1.  Put efforts to understand yourselves:

To start emotional healing, the first step is to start putting efforts to understand yourself. Most of us tell ourselves and to others about what is the right way to act and behave, BUT we fail to act appropriately as per our own set standards when the challenging situation surface in life. 

For example, a father tells himself and promises his family that he will not ever get angry on his wife and kids once he is back home from the office. He followed his promise for 2 weeks or for a month and one day suddenly he explodes over a trivial issue having no control over himself.

It’s a story for many among us, we tell ourselves, “I know how I should behave, but I cannot do it. I know what is right, and I still do something repeatedly. I am simply unable to change.” The point is that it is in itself not sufficient to know how to behave properly. Knowledge and real comprehension are two different things. For a real change, thorough comprehension is required.

We need to understand that in the background of our apparently unchangeable patterns of behavior, there are our mental wounds, acquired from the past. These mental wounds have by now sunk into the unconscious. Unlike the physical wounds on our body, these mental wounds rarely heal. The patterns of the behavior is fuelled by our mental wounds, which are self-sustaining. For instance, we are apprehensive about our boss because (s)he talks in a disrespectful way in front of our colleagues. Then, after a while, the apprehension fades away, and we believe that our anger is gone. But our anger has not really vanished; for a while, it had been conscious, but then it sunk into the unconscious, into the depths of our soul. That is where it is waiting for its turn, to emerge to the surface again. It may not have to wait long, as when we return home from work, the behavior of our wife or children might trigger the re-appearance of the suppressed anger. We supply new strength, new intensity to our wrath, sustain it, and it keeps resurfacing time and again.
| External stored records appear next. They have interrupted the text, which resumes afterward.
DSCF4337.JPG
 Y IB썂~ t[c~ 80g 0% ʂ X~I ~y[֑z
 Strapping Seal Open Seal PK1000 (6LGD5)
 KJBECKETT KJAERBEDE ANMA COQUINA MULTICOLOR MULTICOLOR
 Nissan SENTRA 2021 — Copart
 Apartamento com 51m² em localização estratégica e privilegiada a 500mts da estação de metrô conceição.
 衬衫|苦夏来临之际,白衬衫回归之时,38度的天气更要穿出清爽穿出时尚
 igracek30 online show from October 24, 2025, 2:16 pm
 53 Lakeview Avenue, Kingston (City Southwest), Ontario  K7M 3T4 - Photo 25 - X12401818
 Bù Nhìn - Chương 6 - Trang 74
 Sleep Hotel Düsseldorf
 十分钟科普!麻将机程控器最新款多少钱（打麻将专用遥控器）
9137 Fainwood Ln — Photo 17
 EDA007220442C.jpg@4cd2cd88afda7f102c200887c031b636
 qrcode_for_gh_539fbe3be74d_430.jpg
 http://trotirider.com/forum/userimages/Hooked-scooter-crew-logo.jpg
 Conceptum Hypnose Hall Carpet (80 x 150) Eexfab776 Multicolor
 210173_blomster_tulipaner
2.       Take Responsibility for our Act

When we become angry about something or with someone, we believe that the anger belongs to us, it is a part of our Ego. We then try to find excuses for our behavior. Our most common explanation is that our anger was caused by the other person and in this way, we reject responsibility, blame it on the other person or situation, we try to find a scapegoat to blame for our behavior, which is unacceptable even for ourselves. In the first step, we must realize that anger is caused by our mental injuries; the environment only provides a framework for that anger to charge itself with energy and get express through various ways – scream, abusive, negatively sarcastic etc.

We shall only be able to achieve a real change in that respect if we realize that our grief, unhappiness, jealousy or anger, and our behavior related to these emotions, are almost always the consequences of some internal wounds. We must, therefore, cease trying to find excuses for our behavior all the time. We must take responsibility for our anger or unhappiness, and be aware that these are the products of our mental injuries. 


3. Experience and practice self-empathy

So as to be able to heal our internal wounds, we must become alert and we must recognize the patterns of behavior that are rooted to the internal wound, and we must shoulder the responsibility for that behavior.

When sadness, unhappiness, jealousy or anger crops up again in your lives, don't turn your attention to your surroundings, people, situations etc, don't just identify them as the reason for your extreme emotion, rather, concentrate on your specific emotion itself. For example, if you feel anger, let experience that to the fullest. Let completely see and experience what that emotion is like.


4. Try to explore your past

Once we have experienced the emotions of sorrow, unhappiness, jealousy or anger, let us try to return to the past and find the root cause of those emotions, the original internal wound that fueled that particular emotion. We might find a number of small wounds, but do not stop at the first one, try to dig deep and reveal the first wound. Examine how and under what circumstances that particular internal wound was made. We will be able to accomplish that, since our past is there with us, it exists in there, only unconsciously. We now intentionally bring those wounds to the light of Conscience.

5. Consult an Expert


The above steps can be fruitful depending on the intensity of your issue. If situations are bad and damaging your relationship and life and it's beyond your control, then focusing on past wounds alone is not advisable. Rather it should be done under the monitoring and guidance of an expert like a  mental health professional.